05/08/2013 06:34 BST | Updated 03/10/2013 06:12 BST

Gammongate: Hammed Up Story Hiding Bigger Picture


Many stories during Ramadan have come to media attention - the serving of pork actually occurred some months ago, but the story broke in the last few days. Bigger issues of children fasting seem to be in the background.

When the dinner lady story broke in the Sun regarding Alison Waldock serving Gammon to a child of Muslim parents, consumption of which was prevented by beady eyed headmistress Caroline Peet, some questions occurred.

  • Did the child choose the gammon?
  • Or was the child offered the gammon?
  • Did the dinner lady Alison Waldock have a history of breaking dietary conditions?
  • At any point did the child know that gammon comes from a pig - thus making it non-halal?
  • Should a child be allowed to chose to eat food which did not go against health needs (e.g. a fatal nut allergy) but went against the wishes of parents for their religious (Islam) or ethical reasons (vegetarian)?

In The Huffington Post Mehdi Hasan has answered that Alison Waldock is said to have on several occasions broken the dietary restrictions imposed on children. She has said to the best of her knowledge this is not the case, and the child requested the meat. The father of the child responds that Khadija Darr had a packed lunch, in addition to knowing what is halal and what is non-halal.

Trivia, a storm in a tea cup compared to other things happening in the world some say. We will come on to the impact fasting may have on children later.

Yet should a school support restrictions on dietary intake if a pupil chose to go against them? That is what stands out for me, more so than a dinner lady who has lost her disciplinary and appeals procedure to keep her job - assuming it was a fair and just process.

The picture being painted is someone wilfully breaking dietary restrictions on children on numerous occasions - which led to the private contractor failing in the service they were contracted by the school to do, and failing to meet the expectations of parents who were allowed by school policy to impose such restrictions on their children.

The issue that may be being lost in discussions is to what extent a school policy should reflect the faith of parents, or should parents accept school policy if it goes against their faith?
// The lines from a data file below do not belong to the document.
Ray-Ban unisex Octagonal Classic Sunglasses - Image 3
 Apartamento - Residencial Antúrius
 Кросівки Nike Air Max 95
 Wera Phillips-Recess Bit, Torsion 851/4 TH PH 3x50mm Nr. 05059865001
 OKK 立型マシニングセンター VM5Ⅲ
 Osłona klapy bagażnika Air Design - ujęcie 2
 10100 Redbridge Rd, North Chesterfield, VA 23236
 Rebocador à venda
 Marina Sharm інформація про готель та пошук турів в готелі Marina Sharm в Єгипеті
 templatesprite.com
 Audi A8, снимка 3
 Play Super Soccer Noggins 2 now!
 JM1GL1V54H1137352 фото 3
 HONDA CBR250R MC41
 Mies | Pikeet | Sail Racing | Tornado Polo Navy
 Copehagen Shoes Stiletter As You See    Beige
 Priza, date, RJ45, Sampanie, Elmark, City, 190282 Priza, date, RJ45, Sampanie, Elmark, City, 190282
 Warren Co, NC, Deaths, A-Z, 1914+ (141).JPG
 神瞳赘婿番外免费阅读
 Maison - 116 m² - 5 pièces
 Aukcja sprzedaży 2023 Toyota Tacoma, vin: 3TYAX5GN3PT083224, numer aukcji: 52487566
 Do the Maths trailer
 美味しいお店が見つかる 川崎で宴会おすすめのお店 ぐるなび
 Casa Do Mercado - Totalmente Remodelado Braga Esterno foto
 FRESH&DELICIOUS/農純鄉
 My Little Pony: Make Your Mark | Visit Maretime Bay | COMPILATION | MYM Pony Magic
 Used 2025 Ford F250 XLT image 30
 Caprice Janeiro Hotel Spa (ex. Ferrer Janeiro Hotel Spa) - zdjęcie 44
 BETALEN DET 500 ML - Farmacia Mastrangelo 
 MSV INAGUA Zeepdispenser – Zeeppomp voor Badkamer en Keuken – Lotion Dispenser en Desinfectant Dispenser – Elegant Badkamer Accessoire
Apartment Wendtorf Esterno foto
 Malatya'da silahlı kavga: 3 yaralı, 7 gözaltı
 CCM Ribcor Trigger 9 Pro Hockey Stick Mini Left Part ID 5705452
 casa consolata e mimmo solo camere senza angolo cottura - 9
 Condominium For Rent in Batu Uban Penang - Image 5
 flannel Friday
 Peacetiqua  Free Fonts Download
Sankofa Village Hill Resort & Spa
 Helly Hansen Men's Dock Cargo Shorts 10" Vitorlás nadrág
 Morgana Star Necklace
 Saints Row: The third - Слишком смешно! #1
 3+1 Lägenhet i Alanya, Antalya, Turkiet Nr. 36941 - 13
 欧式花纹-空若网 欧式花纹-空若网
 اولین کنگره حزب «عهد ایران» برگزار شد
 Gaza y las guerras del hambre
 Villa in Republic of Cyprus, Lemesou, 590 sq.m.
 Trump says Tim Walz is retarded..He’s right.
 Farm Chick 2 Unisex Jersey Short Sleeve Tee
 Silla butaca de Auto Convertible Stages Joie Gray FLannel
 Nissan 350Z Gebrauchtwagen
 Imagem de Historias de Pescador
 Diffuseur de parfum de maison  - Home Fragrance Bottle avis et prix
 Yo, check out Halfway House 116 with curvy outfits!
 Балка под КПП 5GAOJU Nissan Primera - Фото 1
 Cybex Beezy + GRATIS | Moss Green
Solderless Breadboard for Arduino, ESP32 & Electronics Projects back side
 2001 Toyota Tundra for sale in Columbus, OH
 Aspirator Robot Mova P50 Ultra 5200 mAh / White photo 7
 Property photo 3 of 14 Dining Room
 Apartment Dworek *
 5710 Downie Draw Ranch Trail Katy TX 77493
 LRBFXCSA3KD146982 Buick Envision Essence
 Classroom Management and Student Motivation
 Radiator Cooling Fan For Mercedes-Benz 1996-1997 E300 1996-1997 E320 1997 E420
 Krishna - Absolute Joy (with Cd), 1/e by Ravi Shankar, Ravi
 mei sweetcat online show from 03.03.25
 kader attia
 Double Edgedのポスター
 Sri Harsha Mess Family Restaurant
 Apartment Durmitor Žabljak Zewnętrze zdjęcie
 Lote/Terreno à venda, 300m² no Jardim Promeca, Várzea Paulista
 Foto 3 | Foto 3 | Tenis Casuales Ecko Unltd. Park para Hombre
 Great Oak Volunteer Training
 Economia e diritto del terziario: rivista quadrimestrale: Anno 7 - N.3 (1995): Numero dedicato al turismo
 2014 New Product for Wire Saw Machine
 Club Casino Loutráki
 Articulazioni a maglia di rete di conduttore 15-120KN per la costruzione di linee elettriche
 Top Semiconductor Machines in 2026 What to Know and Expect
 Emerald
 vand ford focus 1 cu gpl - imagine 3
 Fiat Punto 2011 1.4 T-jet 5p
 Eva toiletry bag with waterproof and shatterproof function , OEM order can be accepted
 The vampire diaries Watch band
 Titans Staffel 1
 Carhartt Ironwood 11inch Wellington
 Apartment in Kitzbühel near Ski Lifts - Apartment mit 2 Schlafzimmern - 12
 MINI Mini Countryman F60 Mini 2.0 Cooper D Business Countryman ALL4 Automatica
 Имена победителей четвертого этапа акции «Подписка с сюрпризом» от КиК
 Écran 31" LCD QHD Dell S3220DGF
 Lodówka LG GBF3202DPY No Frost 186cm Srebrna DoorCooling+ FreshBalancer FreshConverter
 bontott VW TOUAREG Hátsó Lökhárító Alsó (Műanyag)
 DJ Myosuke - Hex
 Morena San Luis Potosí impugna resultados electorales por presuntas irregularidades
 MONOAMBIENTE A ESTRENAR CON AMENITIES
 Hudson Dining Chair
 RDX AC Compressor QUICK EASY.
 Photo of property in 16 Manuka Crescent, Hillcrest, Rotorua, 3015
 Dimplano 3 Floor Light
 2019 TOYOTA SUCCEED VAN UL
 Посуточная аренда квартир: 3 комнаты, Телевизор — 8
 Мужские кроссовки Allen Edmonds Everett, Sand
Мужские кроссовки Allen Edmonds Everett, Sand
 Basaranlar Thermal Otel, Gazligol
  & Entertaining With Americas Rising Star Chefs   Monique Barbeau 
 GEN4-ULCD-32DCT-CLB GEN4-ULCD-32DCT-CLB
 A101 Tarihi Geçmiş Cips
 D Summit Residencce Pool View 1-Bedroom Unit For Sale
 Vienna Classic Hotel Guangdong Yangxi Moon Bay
Other stories to take with a pinch of salt are those where all children are denied water during class, and whether schools should be at liberty to make a best interest decision to break a child's fast during Ramadan against parents wishes.

Islamic theologian Usama Hasan makes clear here these points I summarise:

  • Children are not supposed to be subject to the Ramadan fast, only adults
  • At all times the health and well being of a person comes first.
  • School policy and social service policy acting in a child's best interest by safeguarding take precedence over the religious belief of parents.
  • Schools are an authority to be respected in this regard as our social services.

Are scare stories being paraded to appeal to our prejudices or distract us, or are schools acting out of ignorance or best intentions which actually fail children? An example of failing children is the photo above where primary school children of non Muslim parents are eating in the restroom during Ramadan in Sungai Buloh, Malaysia.

The thought process that denies water to children for 18 hours, or segregates in a demeaning way, is contemptible and should not be encouraged. Clearly children should be exempt from fasting, their welfare should trump restrictions parents place even when claimed to be for religious reasons.

Do not lose sight of this with "Gammongate."